WORKER: There was still lots of oil on the beaches when we left.
MR. HOCHBERG: A lot of oil?
WORKER: Yeah, there was still quite a bit of oil.
WORKER: It's no thorough. There's a lot of work to be done. I don't know how they're going to size this up but it's not done.
MR. HOCHBERG: It's not done?
WORKER: No. They threw a lot of dollars at it, but it's just not thorough.
MR. HOCHBERG: Point Helen on Night Island in Prince William Sound. Oil on this island has saturated more than two feet down into the rocks. Exxon, itself, calls the beach depressing, but will end its beach cleanup here and throughout Alaska by September 15th. Exxon Spokesman Otto Harrison blames looming winter weather.
OTTO HARRISON, Exxon Spokesman: It's absolutely asafety decision. The safety of our people is a paramount factor in our business whatever we're doing. It is just not workable, not safe for people during the wintertime.
DENNIS KELSO, State of Alaska: We're not expecting them to be out here with a flotilla of vessels, the way they were doing this summer. In fact, we don't think that is necessarily the best way to proceed anyway, but what we've been saying is that areas that are protected, in areas where the local people themselves are active throughout the winter then maintain the capacity to do the work and then let's get out there together and make sure that we get as much done over the winter as is appropriate.
MR. HOCHBERG: Exxon initially had made noises about cleaning every drop of oil out of the Sound. Now there's no talk of that. Workers are racing to just stabilize or treat each beach, euphemisms for removing the slippery oil on the surface and leaving beaches safe for wildlife. Alaska state leaders say Exxon could maintain at least a modified work schedule into the fall.
SPOKESMAN: There's work to be done now.
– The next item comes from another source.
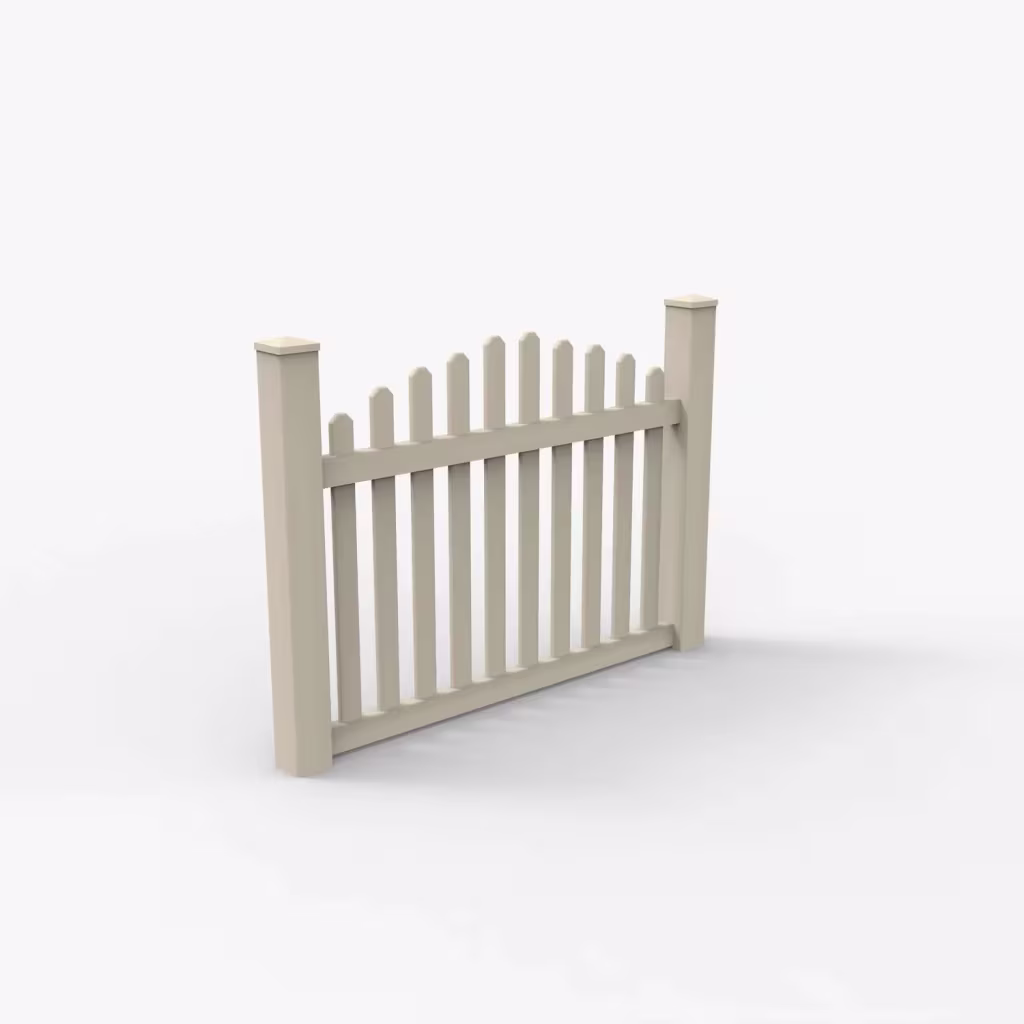 Tan arched picket 4 ft fence, main view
We're prepared to keep our sleeves rolled up and working on it. Exxon should be here with us.
MR. HOCHBERG: Nonetheless, Exxon's remaining beach workers are doing their final work before heading ashore. Here at Point Helen, they're using high pressure water hoses, trying to drive surface goo back into the water to be sucked up by skimmer boats.
EXXON SPOKESMAN: On September the 15th what you'll see is the shiny oil that's on top of it, the relatively liquid form of the oil that's on top of it will be pretty well taken off. There will still be a very thin layer of oil on the rock, and there will still be as you dig down, oil saturation in that two feet or so that's below here with thin oil on top of that, but we will have knocked off the gross oil, the heavy oil, off the bulk of this area.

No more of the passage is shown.